The irony isn’t lost on newlywed singer-guitarists Jen de la Osa and Henry Beguiristain, the two founding and lone permanent members of the group. They both break into grins when they consider the notion that their soon-to-be-self-released third album, “Exile,’’ is arguably their most expansive, sophisticated, and stylistically diverse work to date.

And yet, it was written and recorded after the pair had parted ways with their rhythm section, and began brainstorming what they initially thought would be a modest EP.

“We’ve always had a record like this in us, and we’ve always wanted to do a record like this,’’ says Beguiristain over an afternoon coffee at a Harvard Square eatery. “But we started out writing songs as therapy, just to have something to do because we didn’t have a steady band to play shows with.
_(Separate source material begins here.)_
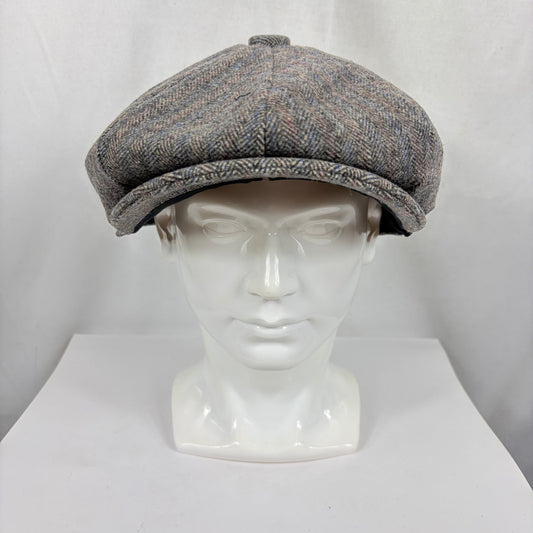 Coppola nuova inglese in lana a otto spicchi grigia a spina di pesce - Eight panel herringbone baker boy cap size one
But given the circumstances, we just said, let’s go all the way and make something that’s unplayable live!’’

Beguiristain’s being facetious — sort of — but he’s referring to the layers of piano, euphonium, trumpet, and even a string section, that create a multitextured template for songs that roam and veer from ruminative (“Burning Bright’’) to strident (“Counterfeit Star’’) to quietly harrowing and haunted (“To Die at Sea’’).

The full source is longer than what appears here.